_Data:_
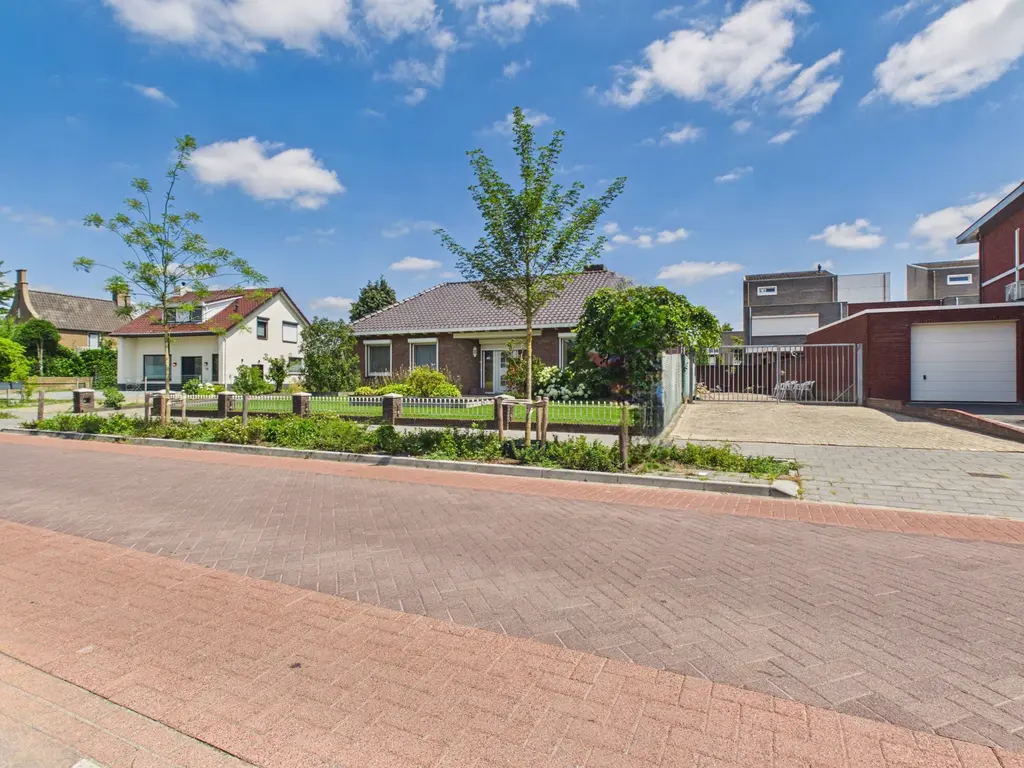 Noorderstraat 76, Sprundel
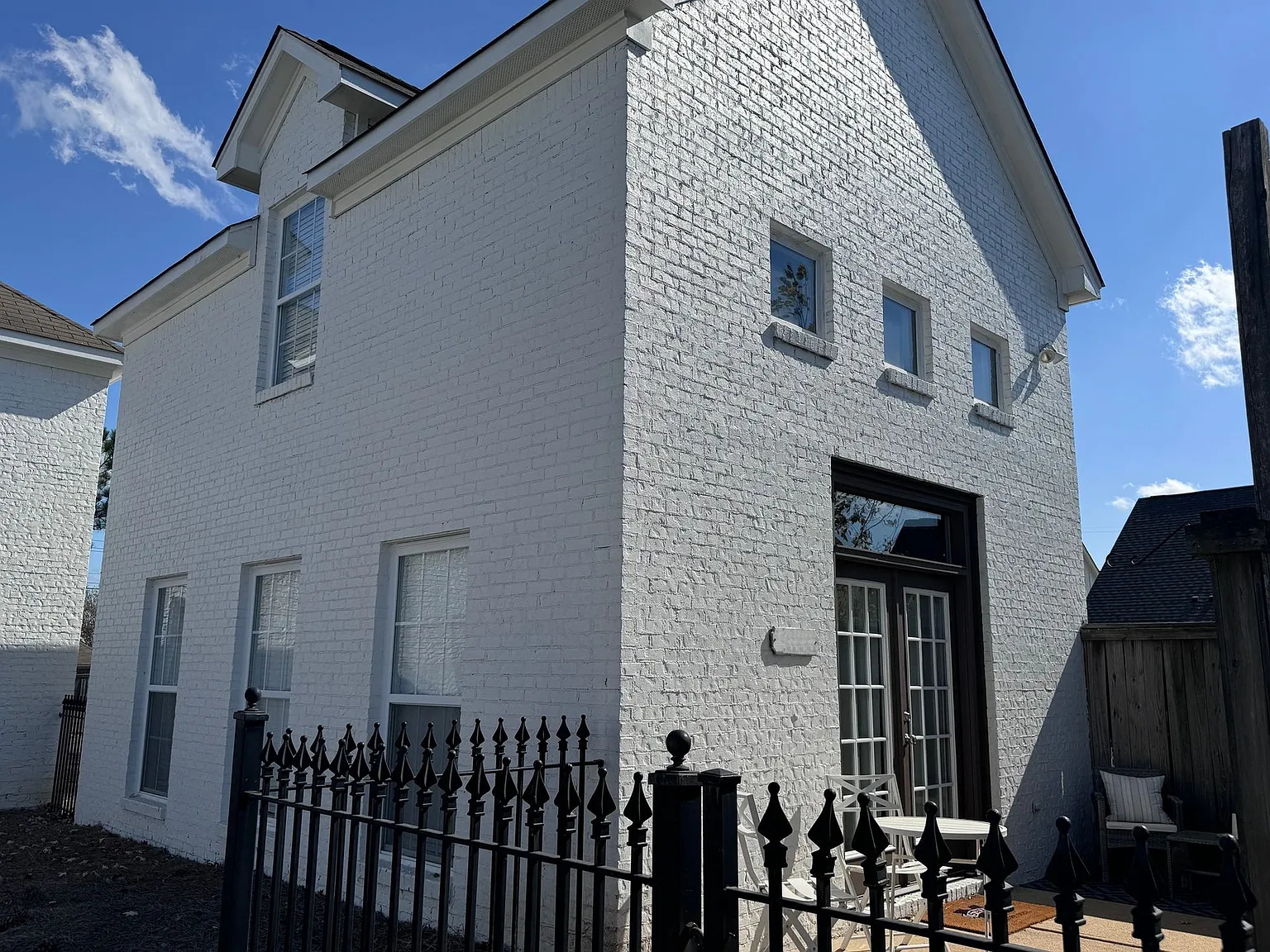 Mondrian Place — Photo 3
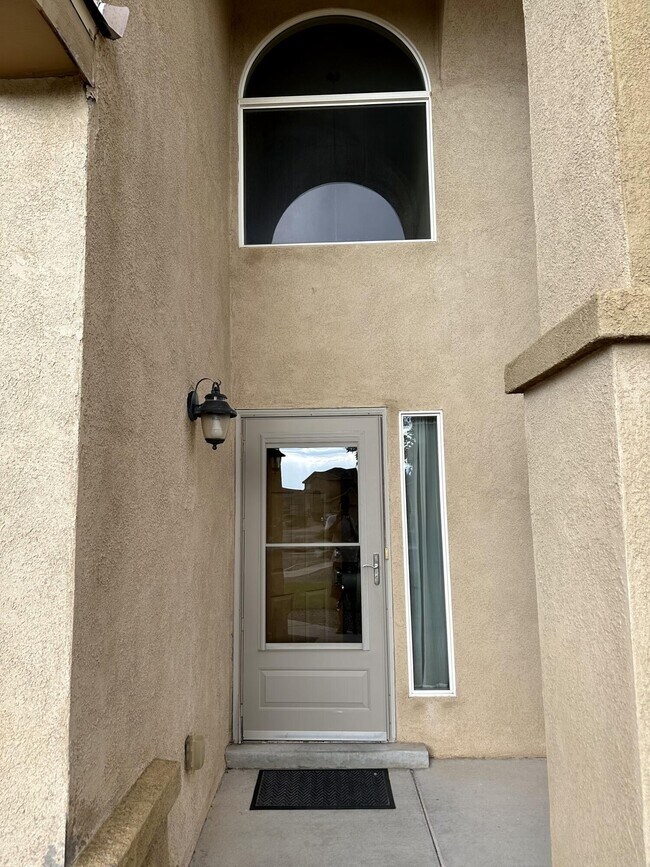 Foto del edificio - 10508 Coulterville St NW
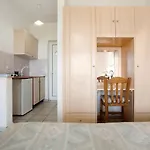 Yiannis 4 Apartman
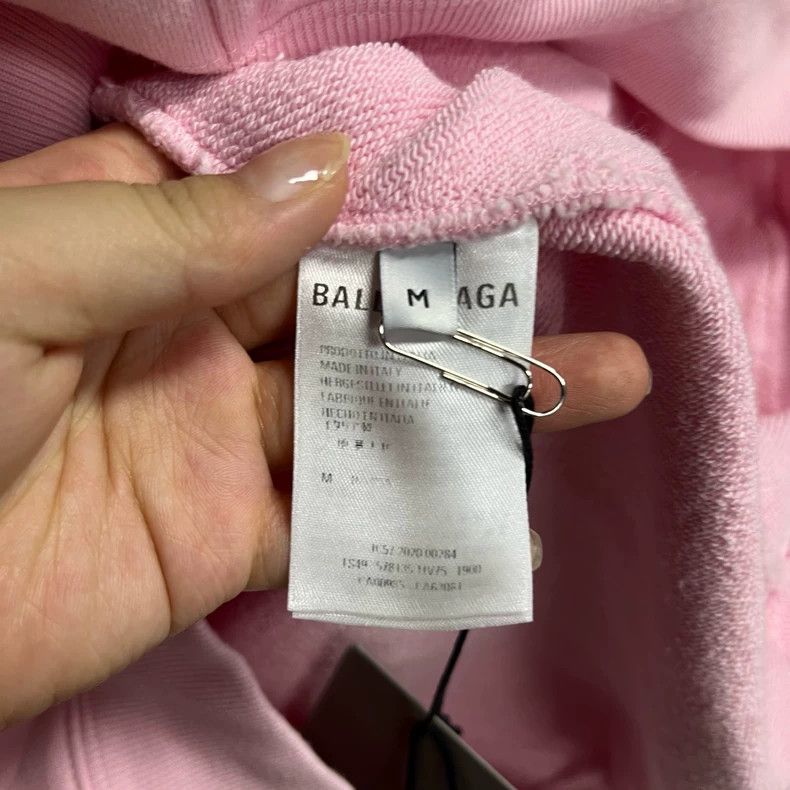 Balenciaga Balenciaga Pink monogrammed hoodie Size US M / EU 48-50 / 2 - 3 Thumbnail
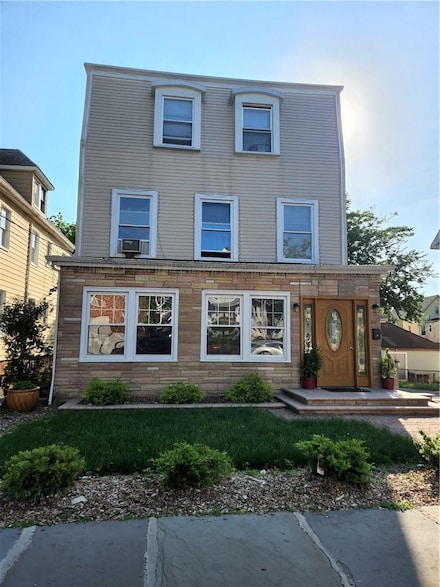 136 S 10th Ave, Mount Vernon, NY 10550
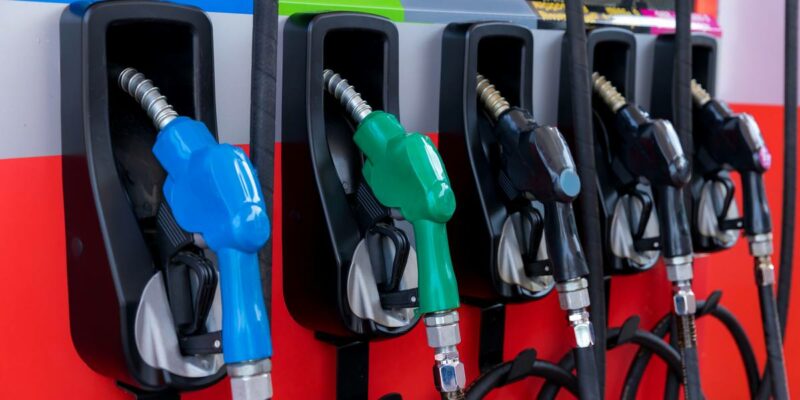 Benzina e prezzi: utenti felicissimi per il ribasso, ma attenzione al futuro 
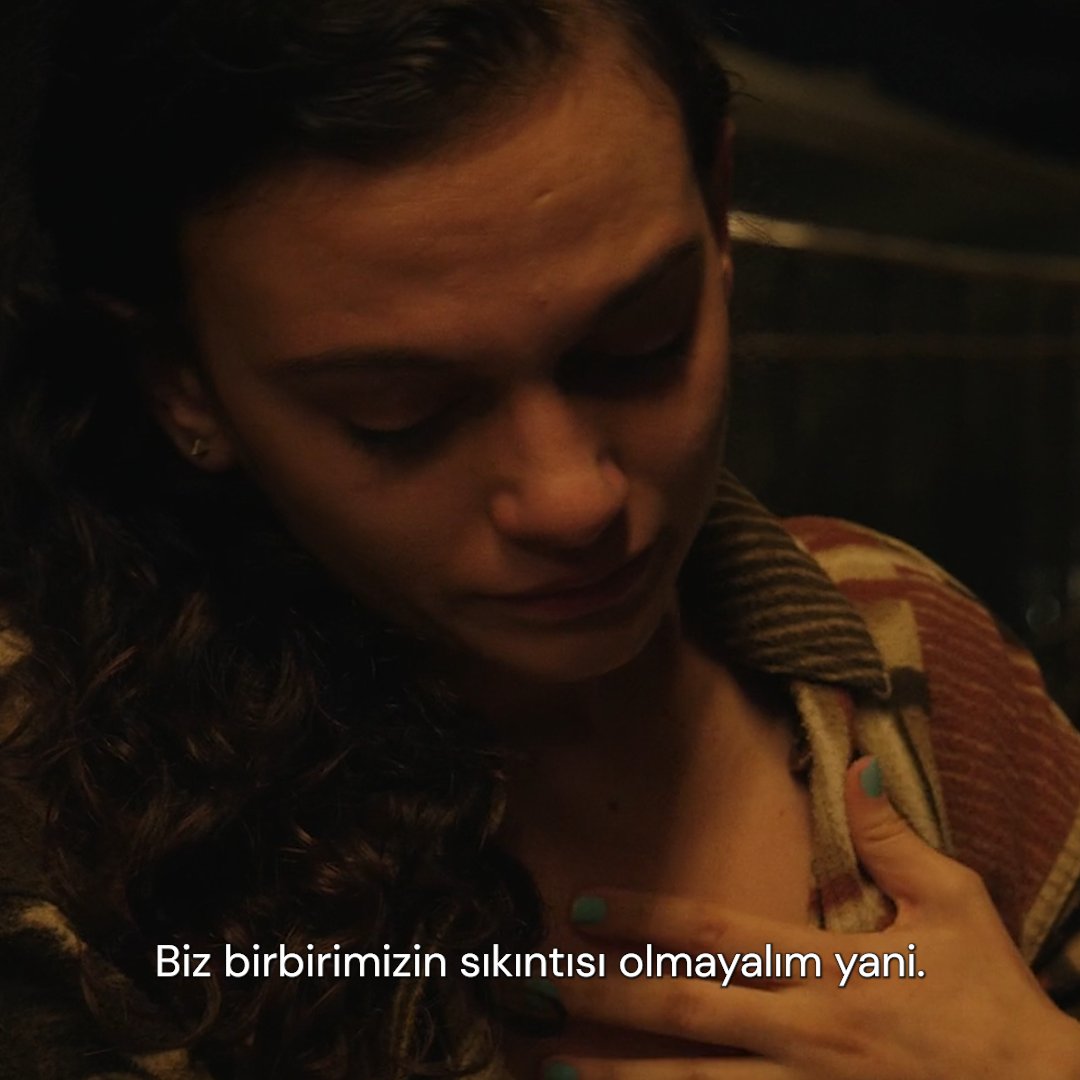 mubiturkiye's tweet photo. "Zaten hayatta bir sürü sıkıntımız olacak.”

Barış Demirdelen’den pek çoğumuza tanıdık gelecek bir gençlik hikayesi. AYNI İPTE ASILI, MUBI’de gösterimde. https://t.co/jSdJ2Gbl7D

_Work required:_
Nothing but the lines from the one containing "Balenciaga Balenciaga Pink" through the last line of the listing should be copied, each word for word and without pictures.

_Response below:_
 Balenciaga Balenciaga Pink monogrammed hoodie Size US M / EU 48-50 / 2 - 3 Thumbnail
 136 S 10th Ave, Mount Vernon, NY 10550
 Benzina e prezzi: utenti felicissimi per il ribasso, ma attenzione al futuro 
 mubiturkiye's tweet photo. "Zaten hayatta bir sürü sıkıntımız olacak.”

Barış Demirdelen’den pek çoğumuza tanıdık gelecek bir gençlik hikayesi. AYNI İPTE ASILI, MUBI’de gösterimde. https://t.co/jSdJ2Gbl7D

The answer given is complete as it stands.